As shown in fig. 6, all triples in the knowledge graph after being spliced with the text data are used as input, and simultaneously, the triples are sent into the model to construct the dependency relationship between knowledge. Where the text data is the global memory of the model. The learning mode can adopt an unsupervised mask prediction strategy to randomly predict the entity and the relation in the knowledge, so that the model can model the information interaction process between the entities and the entity relation, and realize the combined modeling of the learning of the entity and the entity relation.

S502, removing the triples which do not pass the verification in at least one triple from the target knowledge graph.

In some embodiments, the triples may be culled by presetting a check probability condition.

Exemplarily, if the existence probability of the triples does not meet the preset check probability condition, it is determined that the triples do not pass the check, and then the triples which do not pass the check are removed from the target knowledge graph.

Illustratively, the predetermined verification probability condition may be a threshold, for example, triples with existence probabilities smaller than the threshold are removed from the target knowledge-graph. Or may be a probability range, for example, triples whose existence probabilities do not fall within the probability range are removed from the target knowledge-graph.

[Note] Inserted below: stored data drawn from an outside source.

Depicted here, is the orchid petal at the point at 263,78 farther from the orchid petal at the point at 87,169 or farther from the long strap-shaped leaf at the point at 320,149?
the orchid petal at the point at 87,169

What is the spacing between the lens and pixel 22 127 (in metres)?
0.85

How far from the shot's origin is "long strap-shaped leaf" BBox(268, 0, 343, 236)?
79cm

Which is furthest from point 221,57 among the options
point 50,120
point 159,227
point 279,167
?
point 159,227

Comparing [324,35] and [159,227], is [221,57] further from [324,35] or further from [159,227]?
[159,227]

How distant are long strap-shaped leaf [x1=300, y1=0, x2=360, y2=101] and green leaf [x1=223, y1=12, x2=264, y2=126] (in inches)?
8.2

The embodiments of the present disclosure do not limit this.

It is noted that in the embodiment of the present disclosure, the text data and the triples used in the training process of the mask prediction model do not need to be labeled additionally.

Fig. 7 is a schematic structural diagram of a knowledge graph constructing apparatus in an embodiment of the present disclosure, and as shown in fig. 7, the knowledge graph constructing apparatus 700 includes: an analysis module 701, an extraction module 702 and a construction module 703.

Specifically, the parsing module 701 is configured to parse text data to generate an abstract semantic representation of the text data. The extracting module 702 is configured to extract a first entity and a first entity relationship in the text data according to the abstract semantic representation, where the first entity and the first entity relationship have a corresponding relationship. The construction module 703 is configured to construct a target knowledge graph according to the relationship between the first entity and the first entity.

In some embodiments, the building module 703 is further configured to perform entity disambiguation on the first entity to obtain a second entity; and constructing a target knowledge graph according to the relation between the second entity and the first entity.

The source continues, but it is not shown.